3. No one likes to think about disaster recovery—both because it forces us to think about significant events and because we often know we cannot recover as well as we would like. But while a large disaster may be unlikely, small ones happen regularly. And if you do not test, you do not know where you stand. Simulate a few small disasters, and if you haven’t executed a full disaster recovery test in the past year, then execute a full end-to-end test. Be especially thoughtful to check newly deployed or upgraded systems which may have not have experienced a full disaster recovery test yet. Compare your results against your stated recovery time and recovery point objectives. And, don’t forget to test communication methods to your IT team and the rest of your employees.

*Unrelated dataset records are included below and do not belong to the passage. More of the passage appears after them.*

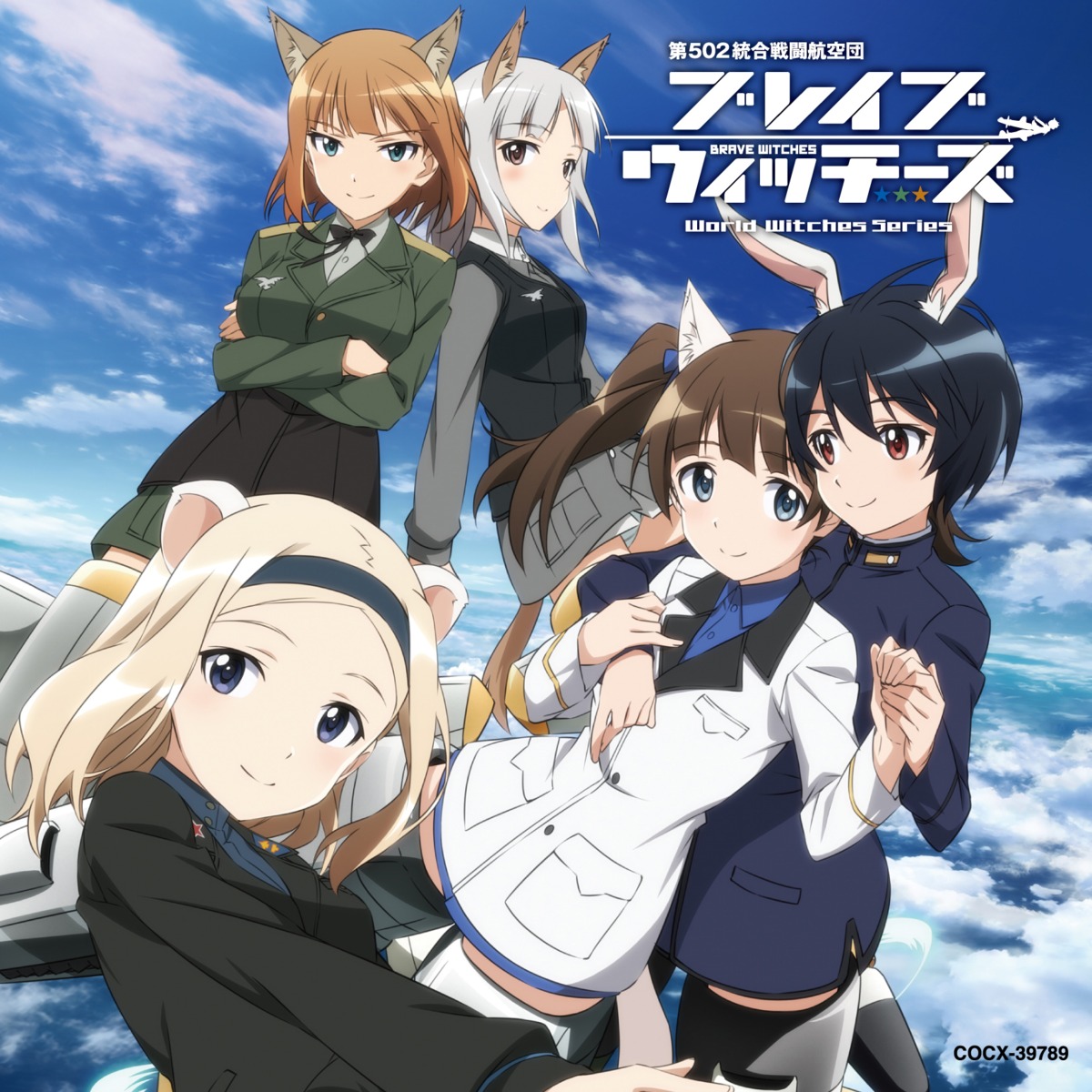 aleksandra_i_pokryshkin, animal_ears, armor, brave_witches, bunny_ears, disc_cover, edytha_rossmann, georgette_lemare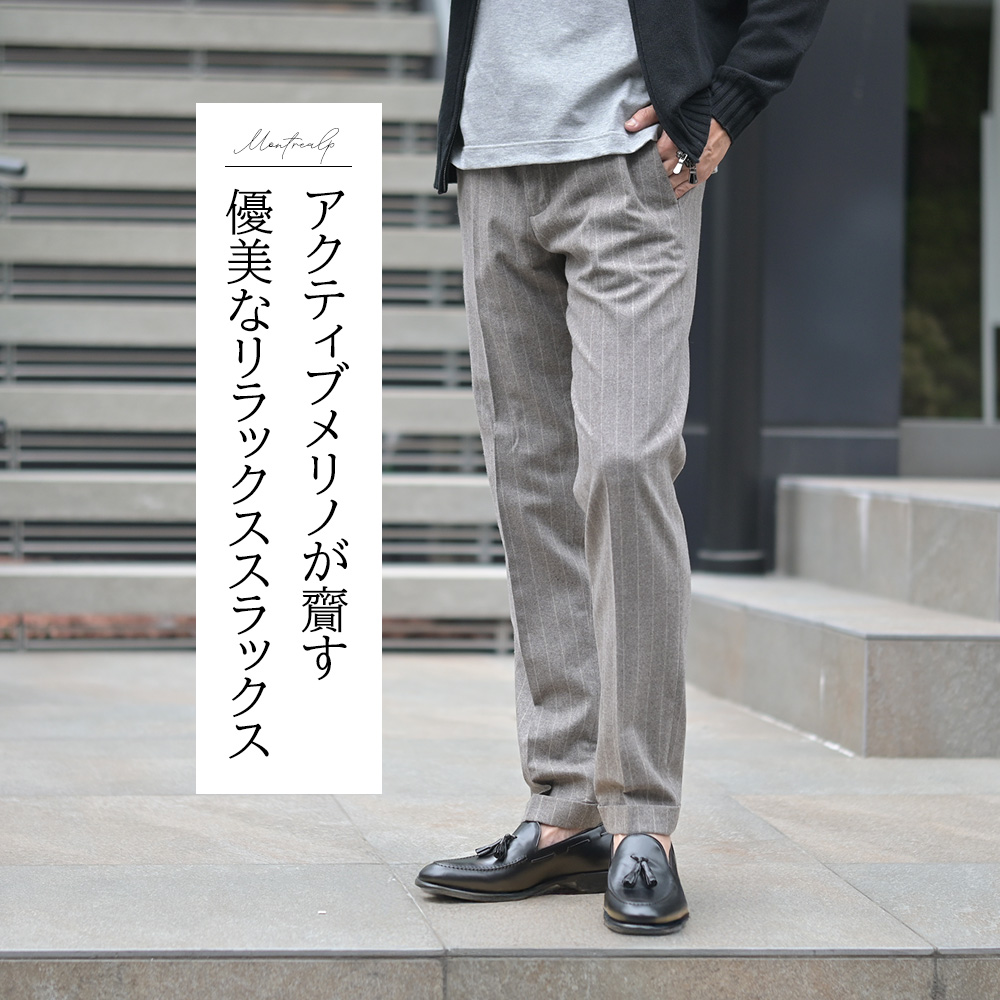 ブリリア　BRIGLIA1949　MONTREALP アクティブメリノウール イージースラックス　アクティブメリノ優美なリラックススラックス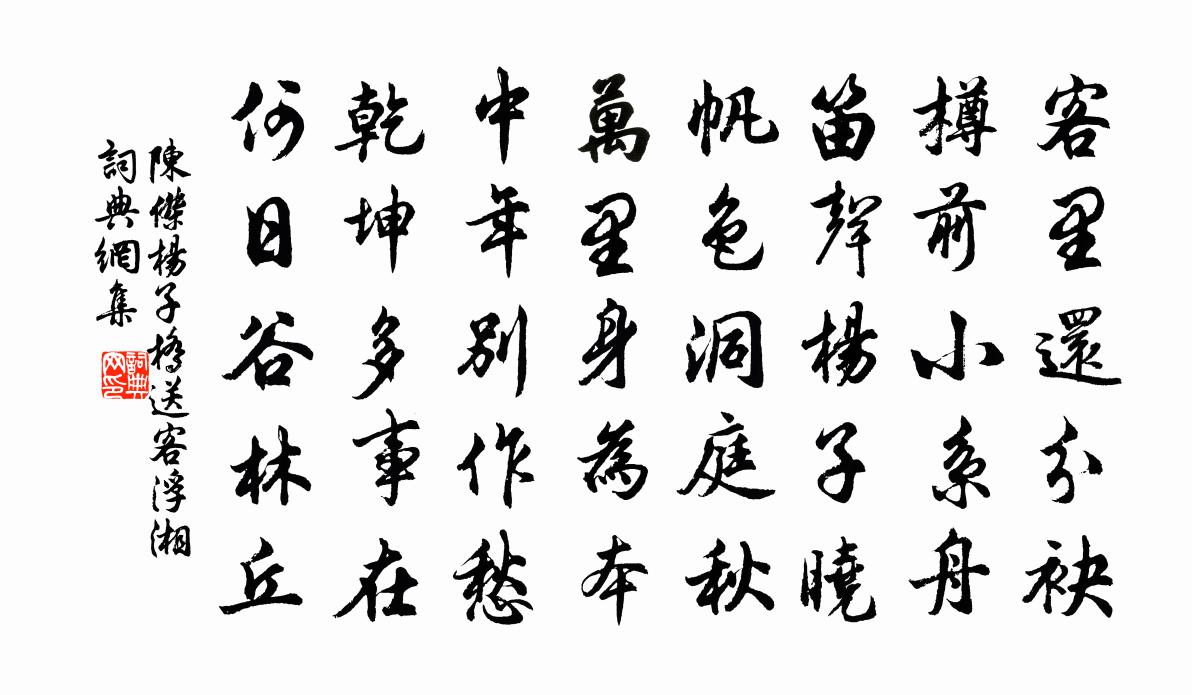 陈杰杨子桥送客浮湘书法作品欣赏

4. While you are thinking about recovery, it is also a good time to review your backup systems to ensure they are backing up all your critical data and working correctly. Select a few backup sets and test recovery to make sure everything is working correctly. We recently observed a client who experienced a Crypto-locker attack that required the recovery of 125,000 files making up almost 150 GB of data. Since backups had been recently tested, we knew we could recover the data in less than two hours.
5. During your spring cleaning, it’s a good time to evaluate whether you’re maintaining good IT hygiene. The key tenets of good hygiene are:
- Review your latest cloud invoices and see how they have been trending over the past few months. Consumption-based billing often goes up every month—sometimes unexpectedly, as test and development systems are not spun down when they are no longer necessary.
- Review the cloud portfolio and make sure the spending is aligned with the value being received. If you haven’t already, put a governance process in place to make sure cloud environments aren’t be forgotten and are being used cost effectively. Cloud technologies are great because you can instantly scale, but they can also instantly scale your spend without the budget or justification to do so.
- Review your hardware and software asset inventory, and develop plans to replace or retire any components no longer supported by the respective vendors. As many industry compliance regulations require the use of vendor-supported platforms, it is important that non-supported platforms are eliminated. In cases where you have legacy platforms that must be maintained, consider how you can lower your risk by segmenting the application and limiting access to it.